U.S. Dollar chart, Daily
The US dollar has stalled at its previously broken uptrend line from March 2005 and looks ready for a little larger pullback. It may press to a minor new high (it's being supported by its 50-dma currently) before it pulls back. Once it corrects the current bounce it should continue higher.
Gold chart, February contract, Daily
Gold has peaked, finally, for sure, maybe. Finding a top in gold has been a challenge but I think this one is it. By breaking the uptrend line from the December low, that leg up is done. With that leg up being done, the larger rally from last July is finished and that means we should now see a multi-month decline in gold. A typical retracement is back to the apex of the previous 4th wave which played out through last summer, and that's at $440. Obviously that wouldn't happen in a straight line, in fact far from it. It will probably be a volatile choppy decline. First support is at the 50-dma and uptrend line from November, both of which may coincide around 539 by the time price gets there. Today's bounce may have been a good opportunity to unload some of your long positions if you're a gold trader.

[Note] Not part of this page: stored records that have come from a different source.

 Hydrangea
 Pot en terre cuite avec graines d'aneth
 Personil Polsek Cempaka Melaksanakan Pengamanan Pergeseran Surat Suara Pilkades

Results of today's economic reports and tomorrow's reports include the following:
Tomorrow finishes a week that has been quiet in terms of economic reports. We will only have Trade Balance numbers and the Treasury Budget numbers, neither of which will move the market. The market will just have to find its own catalyst.
Today's internals showed a very flat market which of course is not the way it started out. But the afternoon pretty much negated the morning session. Advancing volume and issues as compared to declining volume and issues came in virtually tied. It's interesting to watch what's going on with NYSE new 52-week highs vs. lows. Yesterday's rally was met with fewer new highs than previous days. In fact the number of new highs has been dropping since it peaked on Jan 27th but price didn't peak until Jan 31st/Feb 1st. New annual lows have been slowly increasing in number since the spike low on Jan 3rd. So even though NYSE was rallying during January to new all-time highs, the number of new annual lows was increasing. This was negative divergence and did not support the new price highs (which can also be seen in the bearish daily MACD and RSI readings). But today the number of new highs took a jump while new lows dropped. If that kind of behavior continues, don't trust any decline that we might get. It will indicate potential accumulation to be followed by a ramp-up in the market.
Sector action was also mixed today. Leaders to the downside were the energy indexes, computer hardware, disk drives and biotechs. Leaders to the upside were the gold and silver indexes, Transports, airlines, internet, utilities and healthcare.
As for tomorrow, if today's high was the end of the correction to the decline from Feb 1st, price should continue lower. Any bounce should not exceed a 62% retracement of this afternoon's decline otherwise there will be a good chance the rally will continue. We hit some firm resistance levels today and tomorrow's price action will tell us if it's just a pullback or something more significant. If it's to be something more significant we could see an acceleration lower as the potential EW count suggests we could be perched at the edge of the cliff, about to take a beautiful swan dive off it. But the market could chicken out and not dive off the cliff and continue climbing higher. The climb higher will only mean a longer dive to the ocean below but that would be another day. Be careful since it could get even more volatile in the near future. Good luck and I'll see you on the Monitor.